# TASK GOAL
Only the lines from the one that includes "Editable Minnie Mouse" through the last line below belong in the reply, copied exactly and without pictures.

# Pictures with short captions
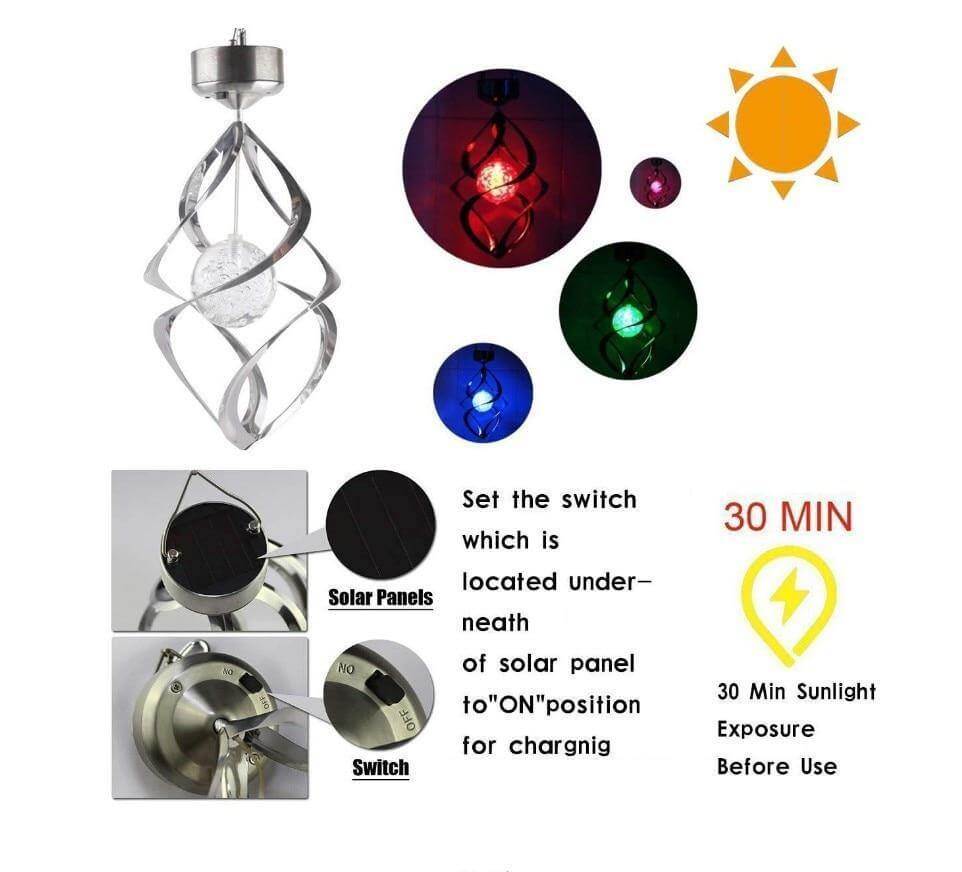 7-Colour Solar Changing LED Wind Chimes Light - MaviGadget
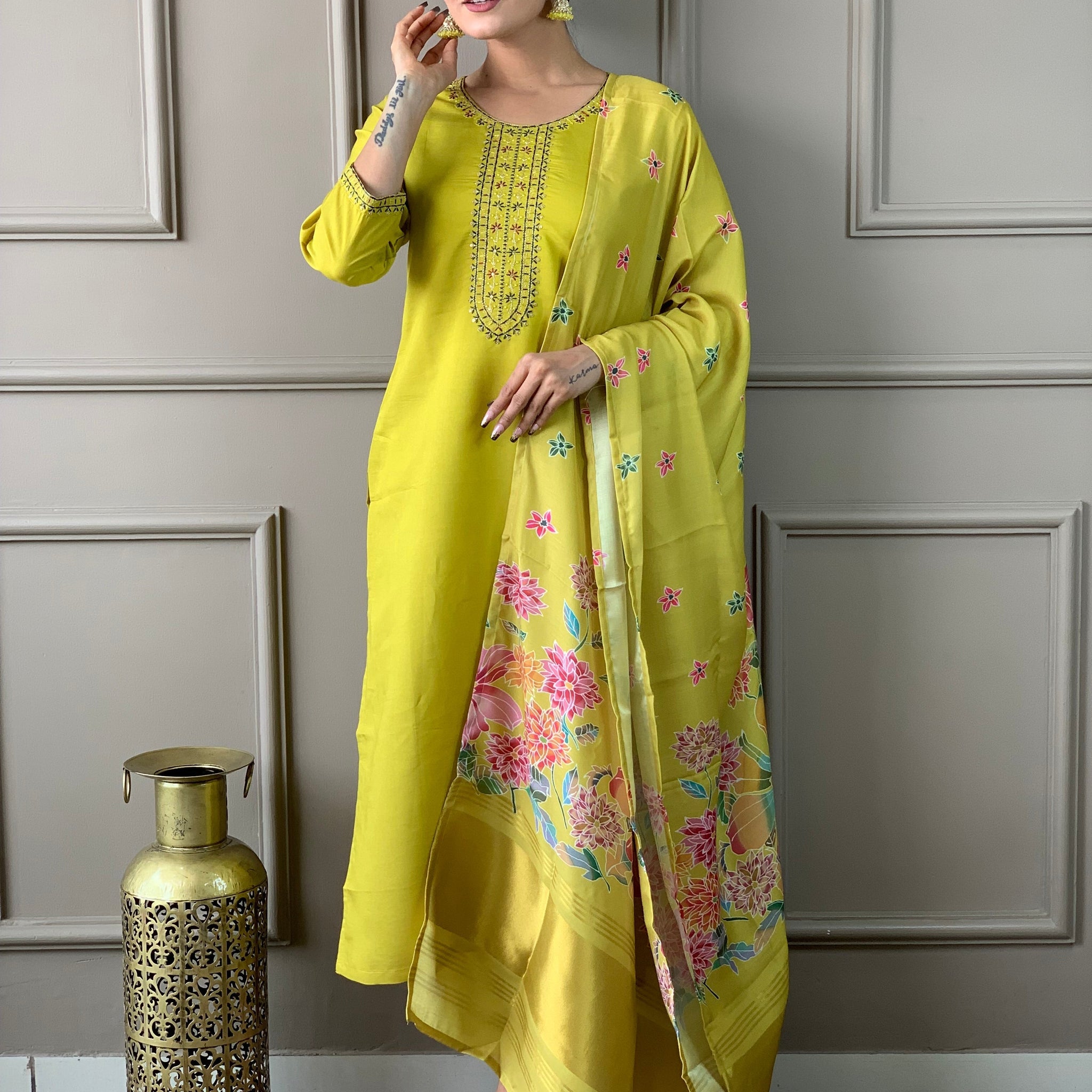 Embroidered Straight Kurti with Pants & Dupatta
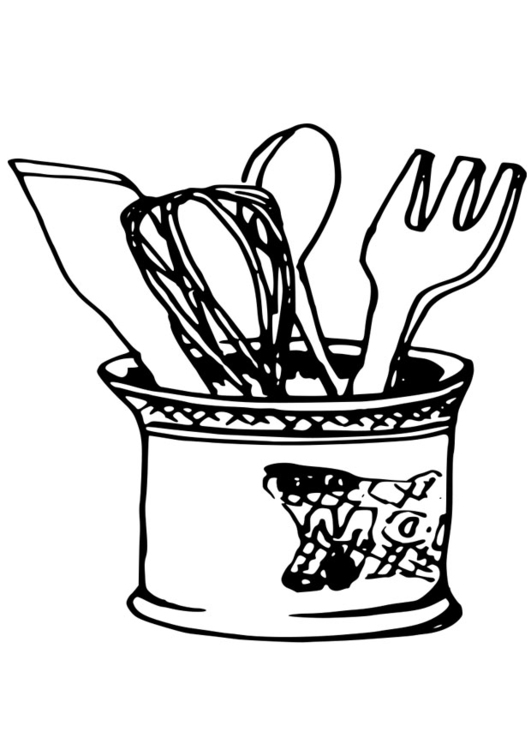 Dibujo para colorear utensilios de cocina - Dibujos Para Imprimir Gratis -  Img 19079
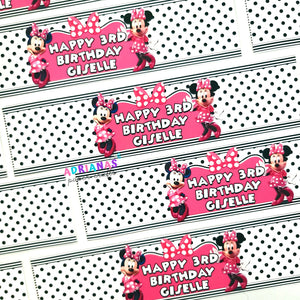 Editable Minnie Mouse Water Label Design - Canva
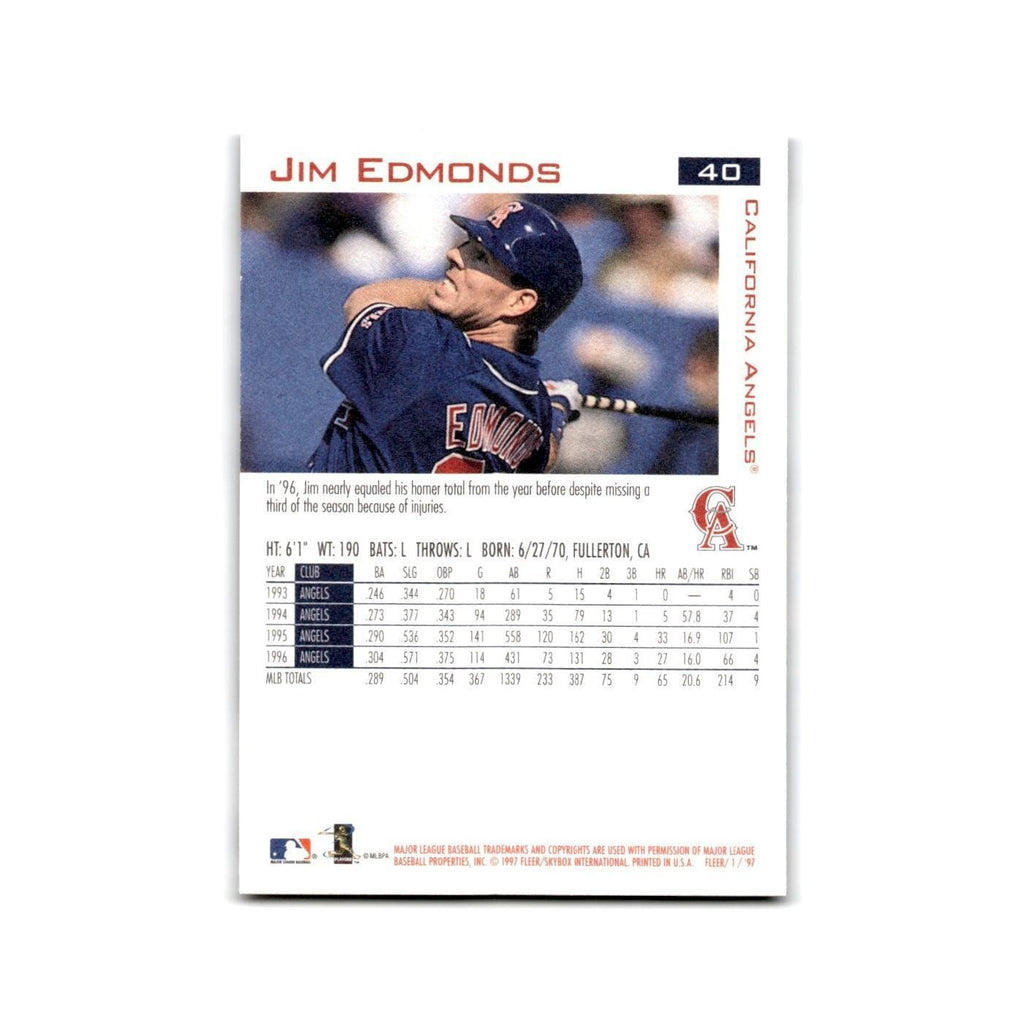 Jim Edmonds 1997 Fleer #40 California Angels Baseball Card NM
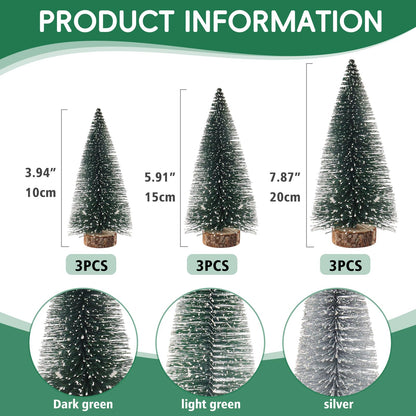 Desktop Miniature Pine Tree Tabletop Christmas Tree Small Pine Tree Decor Christmas Tree Toppers (Green Silver Dark Green)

# WRITTEN ANSWER
 Editable Minnie Mouse Water Label Design - Canva
 Jim Edmonds 1997 Fleer #40 California Angels Baseball Card NM
 Desktop Miniature Pine Tree Tabletop Christmas Tree Small Pine Tree Decor Christmas Tree Toppers (Green Silver Dark Green)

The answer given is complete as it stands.